AIM OF THE TASK ::
Find the line with "Obraz - Ružové tulipány (90x60 cm)" in the entries below. Repeat it, every following line, and the line with "Katsumi’s black/tan male, a", exactly and with nothing added.

---- RECORD SET

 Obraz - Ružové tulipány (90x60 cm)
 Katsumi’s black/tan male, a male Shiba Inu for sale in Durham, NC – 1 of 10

--------
---- RECORD SET

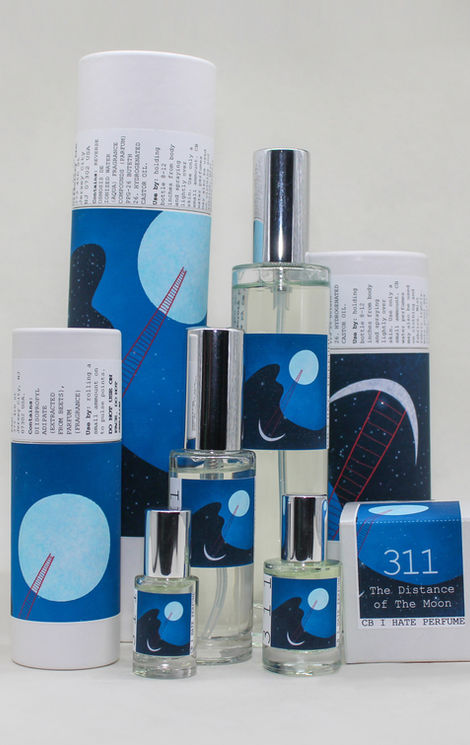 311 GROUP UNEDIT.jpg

--------

EXERCISE SOLUTION ::
 Obraz - Ružové tulipány (90x60 cm)
 Katsumi’s black/tan male, a male Shiba Inu for sale in Durham, NC – 1 of 10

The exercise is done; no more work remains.